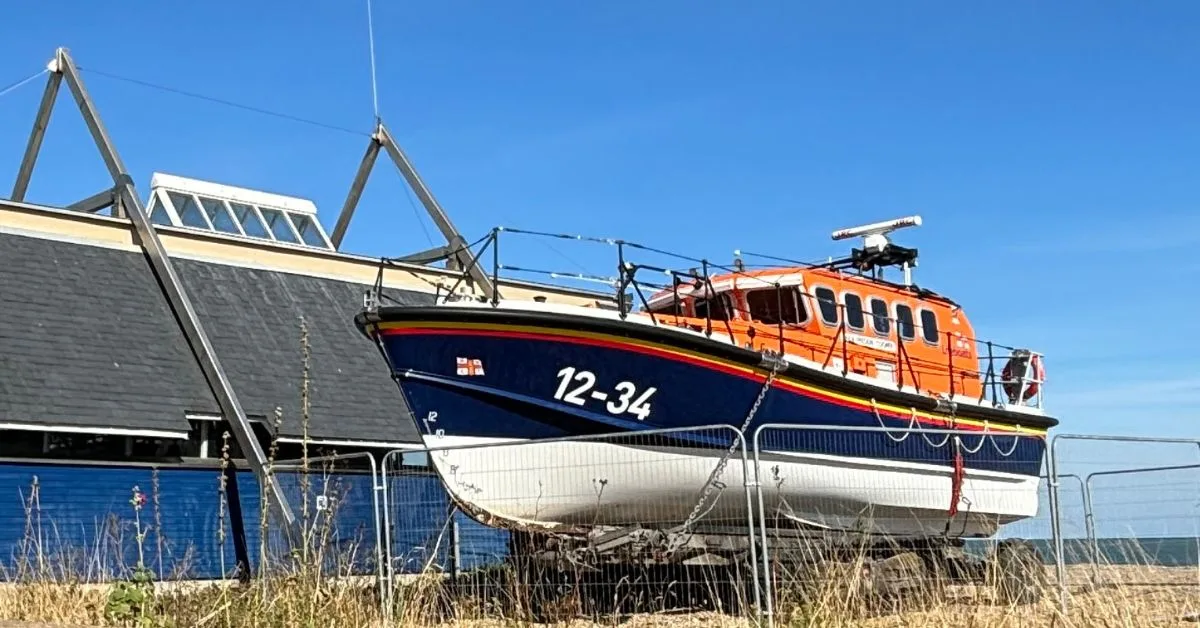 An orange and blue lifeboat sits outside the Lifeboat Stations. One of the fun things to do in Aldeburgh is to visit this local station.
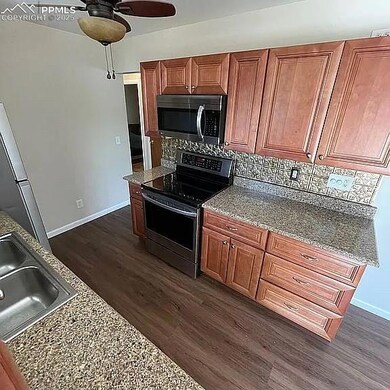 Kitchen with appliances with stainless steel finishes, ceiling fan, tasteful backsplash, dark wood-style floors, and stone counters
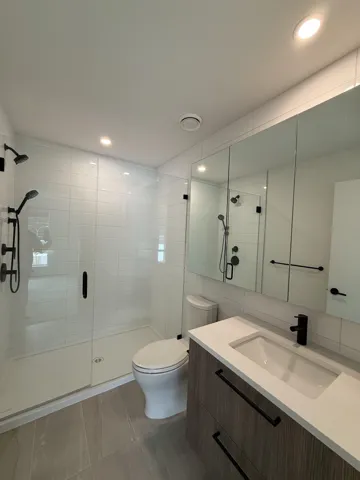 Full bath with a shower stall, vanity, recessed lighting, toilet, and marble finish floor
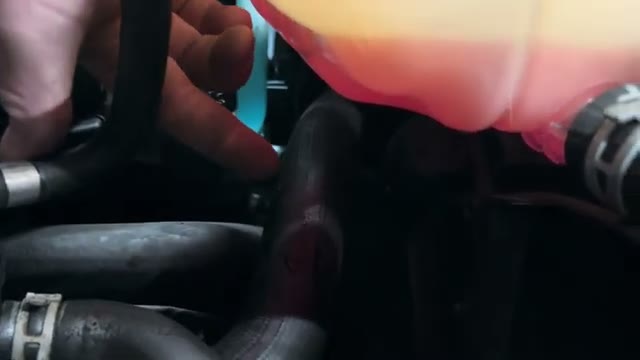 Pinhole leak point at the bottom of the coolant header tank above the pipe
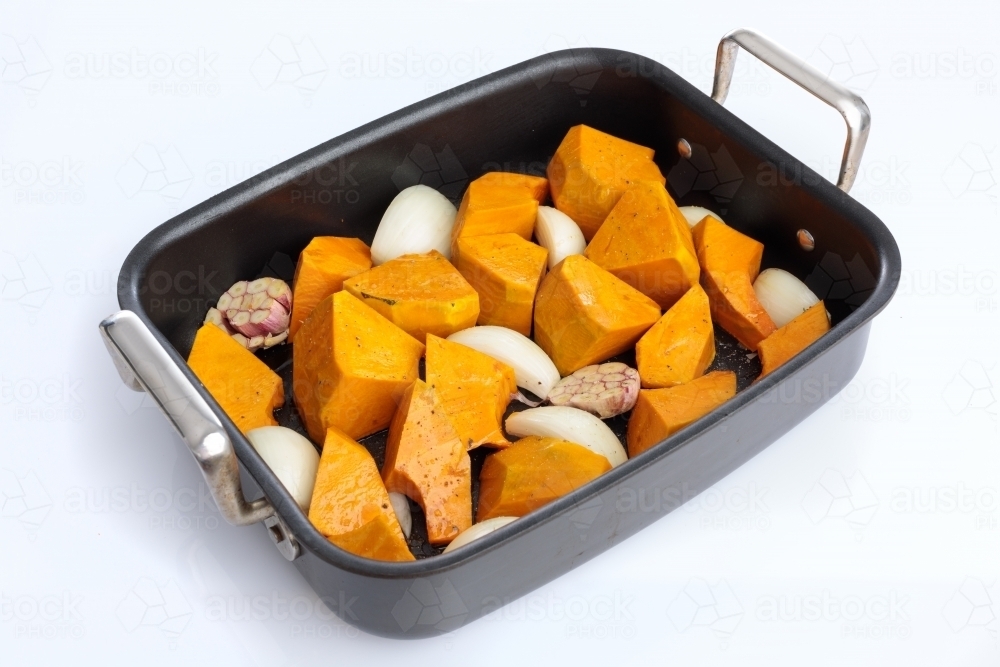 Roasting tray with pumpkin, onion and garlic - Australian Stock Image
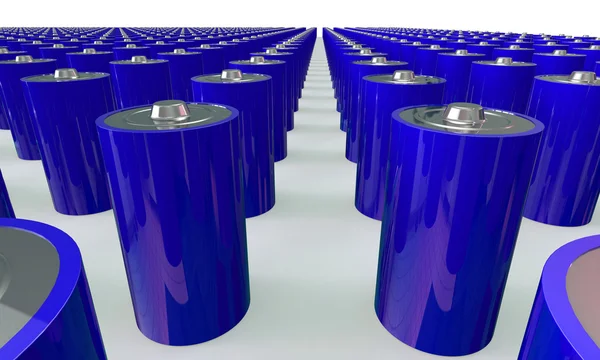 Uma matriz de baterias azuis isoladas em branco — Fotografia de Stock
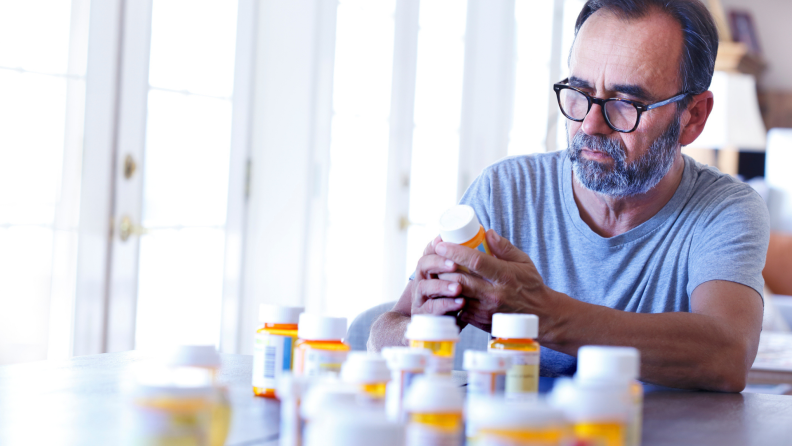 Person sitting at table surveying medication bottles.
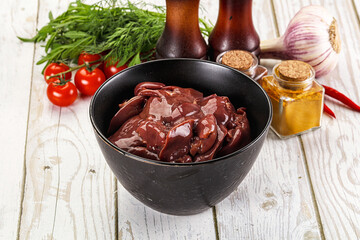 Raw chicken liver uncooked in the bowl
========
- **Your task**
Copy out exactly the lines that run from the line containing "Full bath with" through the last line of the material, and nothing more; omit the pictures.

- **Solution for this exercise**
 Full bath with a shower stall, vanity, recessed lighting, toilet, and marble finish floor
 Pinhole leak point at the bottom of the coolant header tank above the pipe
 Roasting tray with pumpkin, onion and garlic - Australian Stock Image
 Uma matriz de baterias azuis isoladas em branco — Fotografia de Stock
 Person sitting at table surveying medication bottles.
 Raw chicken liver uncooked in the bowl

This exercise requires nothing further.